Learning Semantic Similarities for the Financial Domain

[WWW 2021] FinSIM-2 Shared Task 2021


Artificial Intelligence



Greetings,
We would like to invite you to submit to FinSIM-2, the 2nd shared task on Learning Semantic Similarities for the Financial Domain, in conjunction with The Web Conference 2021, April 19-23th, 2021, Ljubljana, Slovenia!
It will be held at The Web Conference 2021 as part of the FinWeb-2021 workshop.
Shared Task URL: https://sites.google.com/nlg.csie.ntu.edu.tw/finweb2021/shared-task-finsim-2
Workshop URL: https://sites.google.com/nlg.csie.ntu.edu.tw/finweb2021
Registration Form: https://forms.gle/oJetvLQfpPNLuSqJ6
_____________________________________________
The FinSim 2021 shared task aims to spark interest from communities in NLP, ML/AI, Knowledge Engineering and Financial document processing. Going beyond the mere representation of words is a key step to industrial applications that make use of Natural Language Processing (NLP).

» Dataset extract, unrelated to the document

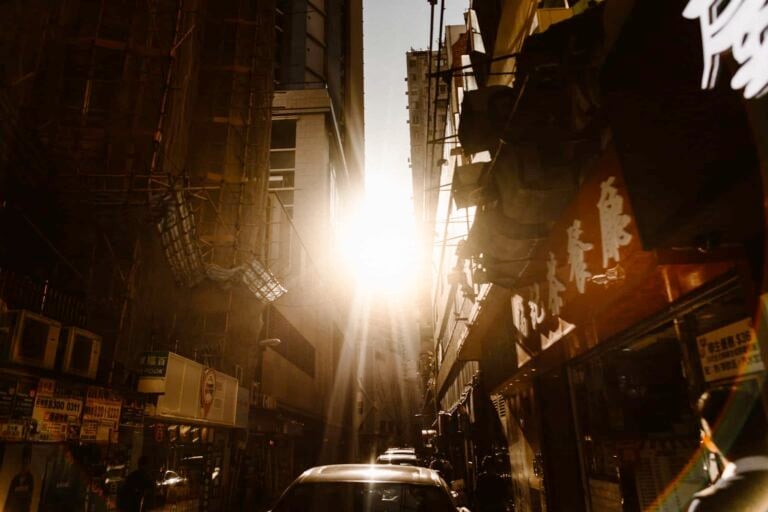 Sunlight shines brightly between tall buildings on a narrow city street, casting long shadows. Cars are parked along the sides, and signs with Chinese characters hint at a bustling, urban Hong Kong Wedding scene unfolding amidst the vibrant city life.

This is typically addressed using either 1) Unsupervised corpus-derived representations like word embeddings, which are typically opaque to human understanding but very useful in NLP applications or 2) Manually tagged resources such as corpora, lexica, taxonomies and ontologies, which typically have low coverage and contain inconsistencies, but provide a deeper understanding of the target domain.

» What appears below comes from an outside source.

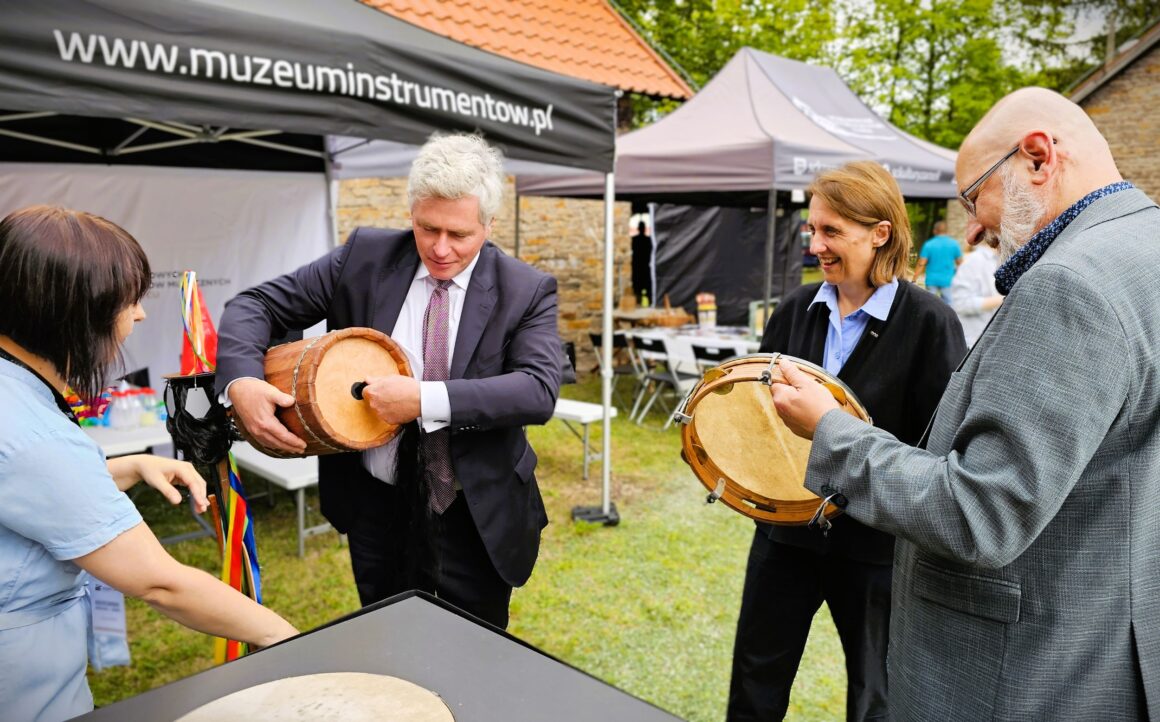 Cztery dorosłe stojące osoby na trawniku przed namiotami plenerowymi przy czarnym stoliku. Dwaj starsi mężczyźni trzymają okrągłe instrumenty muzyczne.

These two methods form the two ends of a spectrum which a number of approaches have attempted to combine, particularly in tasks aiming at expanding the coverage of manual resources using automatic methods.

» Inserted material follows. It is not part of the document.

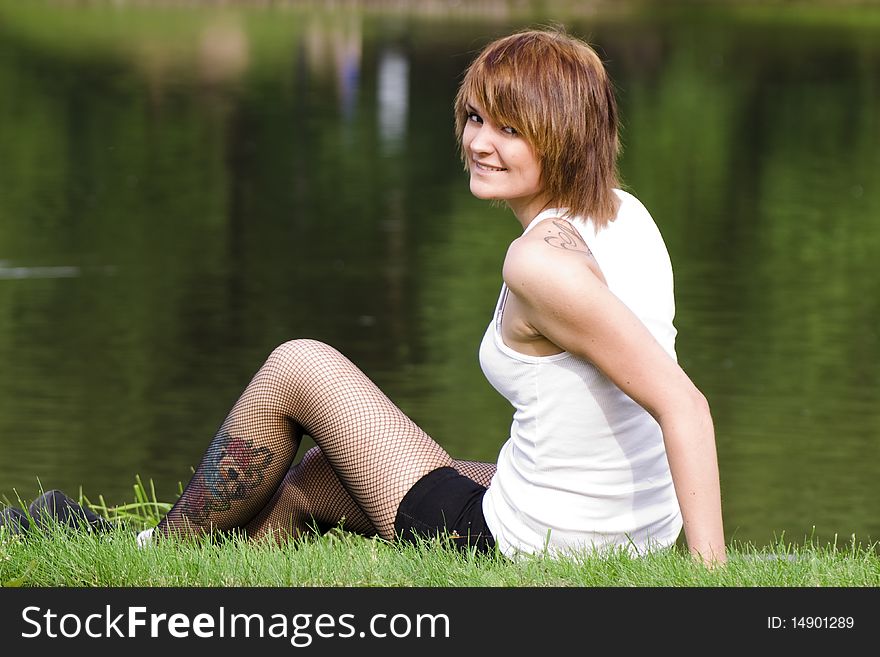 Beautiful girl sits on the bank of lake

The Semeval community has organized several evaluation campaigns to stimulate the development of methods which extract semantic/lexical relations between concepts/words (Bordea et al. 2015, Bordea et al. 2016, Jurgens et al. 2016, Camacho-Collados et al. 2018).
There are also a large number of datasets and challenges that specifically look at how to automatically populate knowledge bases such as DBpedia or Wikidata (e.g. KBP challenges).
To the best of our knowledge, FinSim 2020 was the first time a task attempting to combine these methods for the Financial domain.
The second edition FinSim-2 focuses on the evaluation of semantic representations by assessing the quality of the automatic classification of a given list of carefully selected terms from the Financial domain against a domain ontology. Participants will be given a list of carefully selected terms from the Financial domain such as “European depositary receipt”, “Interest rate swaps” and will be asked to design a system which can automatically classify them into the most relevant hypernym (or top-level) concept in an external ontology. For example, given the set of concepts “Bonds”, “Unclassified”, “Share”, “Loan”, the most relevant hypernym of “European depositary receipt” is “Share”.
This year, we propose an enriched dataset in terms of volume and quality. We are interested in systems which make creative use of relevant resources such as ontologies and lexica, as well as systems which make use of contextual word embeddings such as BERT (Devlin et al. 2018).
Participating systems are expected to provide for each given term the most relevant concept (hypernym/synonym) in an external ontology: the Financial Industry Business Ontology (FIBO). Performance will be measured according to the accuracy with which financial terms are classified, and according to recall (based on the total number of predictions).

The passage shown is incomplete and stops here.